Продолжалась эта звериная круговерть уже в темноте, на полу, не на жизнь, а на смерть, до тех пор, пока что-то не вспыхнуло, взорвалось от удара в голове Ушахова, успев опалить горьким раскаянием: эх, напрасно он привел их сюда, не послушал Аврамова… А потом накрыла его немая бездонная тьма.
В оглушительной тишине висел лишь надсадный, хлюпающий разнобой дыхания, будто при каждом вздохе рвались в клочья легкие, да продолжалась грузная возня на кровати. Там глухо, рычаще вскрикнули, потом раздались тяжелые хлесткие удары — один, другой, третий.
— Что у тебя? — хрипло, задышливо рявкнули с пола.
— Сучья дочь, прокусила руку!
— Свяжи ее, — надсадно велел тот же голос. — Сейчас идем. Этот… кабан лицо разбил. — Надрывно откашлялся, харкнул, позвал: — Ахмед…
Тишина. Чиркнула спичка. Тусклое пламя высветило троих, распластанных на полу. Ахмед лежал лицом вниз, не отозвался. Главарь поднялся, послушал его сердце. Оно не билось.
— Свяжешь сучку, иди к фининспектору Курбанову, пусть… даст четырех лошадей… Ахмед, кажется, отходился. Быстрей, кобель, ну!
Глава 16
Молодой, крепко сколоченный горец в военной форме появился в фотоателье на окраине Грозного под вечер. До закрытия оставалось несколько минут. В ателье уже никого не было, и заведующий фототочкой Рафик Тристанович Стефанопуло, рассыпаясь мелким бесом перед последним, защитного цвета клиентом, усадил его на стул спиной к белому полотну.
— Имеете желание сняться на военный билет или на пачпорт, товарищ военный? — учтиво осведомился Стефанопуло, заряжая «Кодак», и, набросив на себя черное покрывало, превратился в горбатого ворона.

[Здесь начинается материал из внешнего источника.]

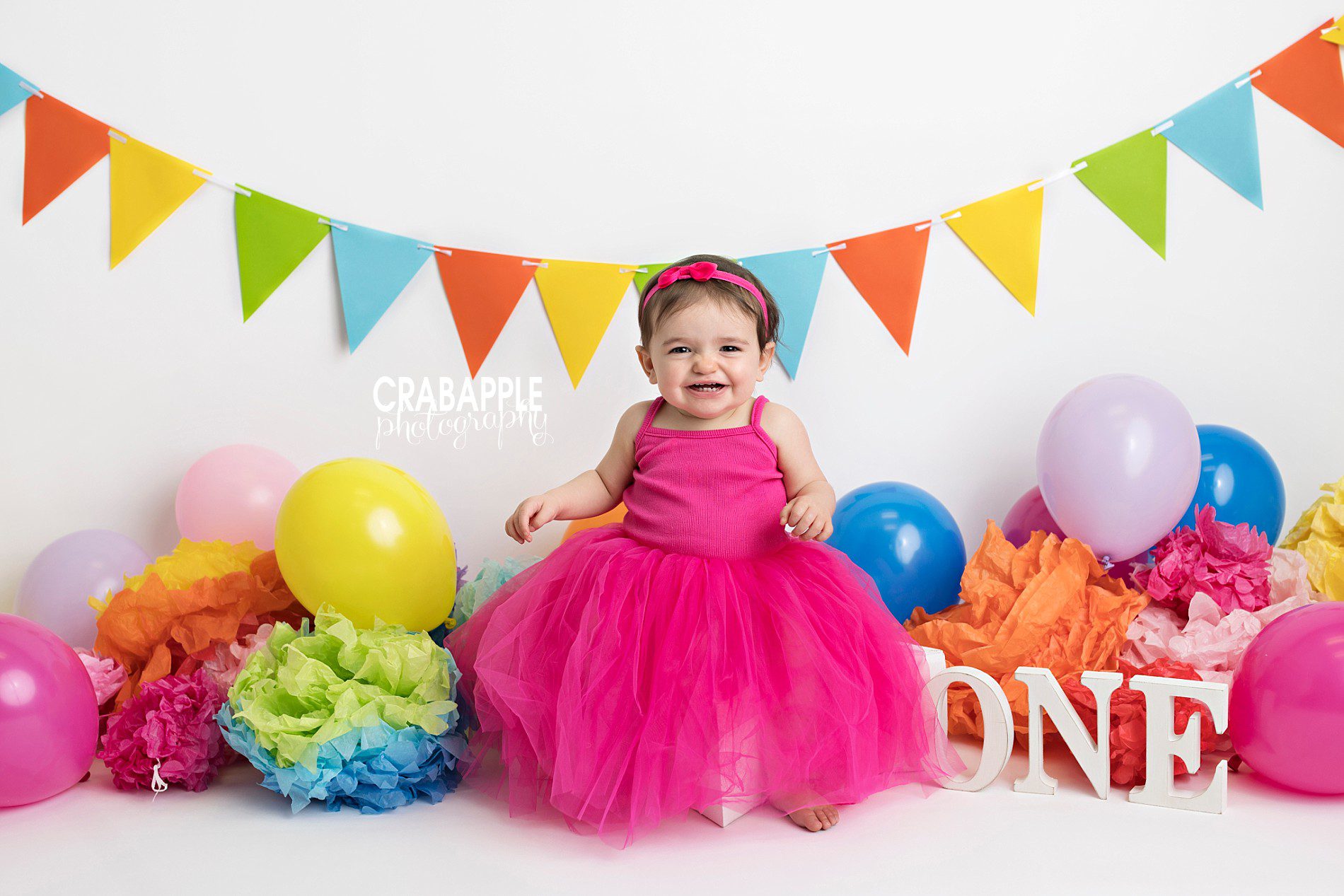 colorful first birthday photos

Военный не ответил. Круглые с поволокой глаза его смотрели с хищной оторопью на черную мумию. Стефанопуло стало зябко.
— Я извиняюсь, товарищ военный, — напомнил он о себе из-под хламиды. — Позвольте осведомиться насчет размера, вы-таки намерены делать фотоляпочку на военный билет, пачпорт либо…
— Давай на пачпорт. Другой тоже делай, — с жутким акцентом велел горец.
— Тогда дозвольте снять с вас фуражечку, — вынырнув из-под хламиды, потянулся Рафик Тристанович, но ожегся о бешеный взгляд. Ноздри клиента раздулись.
— Убири лапу, старик, — сказал он клекочущим голосом.
Стефанопуло прошиб пот.
— Позвольте заметить…
— Дэлай свой дэло, — грозно сказал клиент и явственно скрипнул зубами.
Зубовный скрежет пронзил Рафика Тристановича навылет, на него еще никто не скрежетал на службе. Изнывая в недоумении, он махнул крышечкой, пришлепнул ее на объектив, страстно желая одного: скорее бы выметался злой басурман, чтобы наконец закрыть ателье. Он нашлепает этому голомызому в нахлобученной фуражке фотографий на пачпорт, на военный билет и профсоюз. Может даже сделать бесплатно портрет для похорон этому психу, лишь бы скорее закрыть за ним дверь.